[Data section]

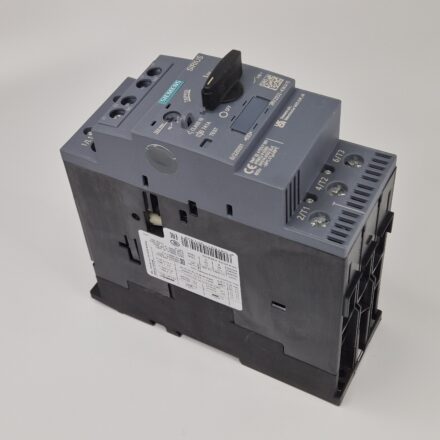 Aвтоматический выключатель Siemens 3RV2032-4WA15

[/Data section]
[Data section]

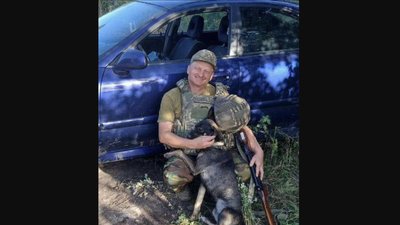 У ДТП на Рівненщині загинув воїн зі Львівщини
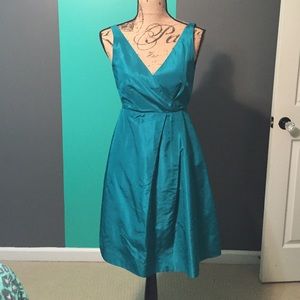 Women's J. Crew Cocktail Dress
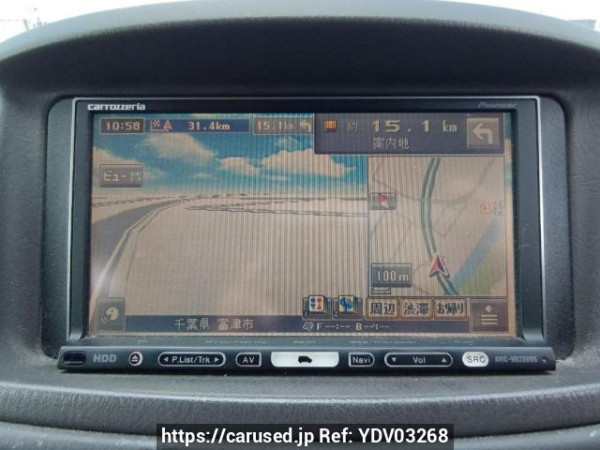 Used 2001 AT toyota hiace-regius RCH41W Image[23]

[/Data section]
[Data section]

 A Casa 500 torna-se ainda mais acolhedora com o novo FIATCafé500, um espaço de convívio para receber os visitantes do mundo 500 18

[/Data section]

## Activity:
Please return the material above only from the line that holds "У ДТП на Рівненщині" through the line that holds "Used 2001 AT", exactly as it stands, ends included and pictures omitted.

## Your response:
 У ДТП на Рівненщині загинув воїн зі Львівщини
 Women's J. Crew Cocktail Dress
 Used 2001 AT toyota hiace-regius RCH41W Image[23]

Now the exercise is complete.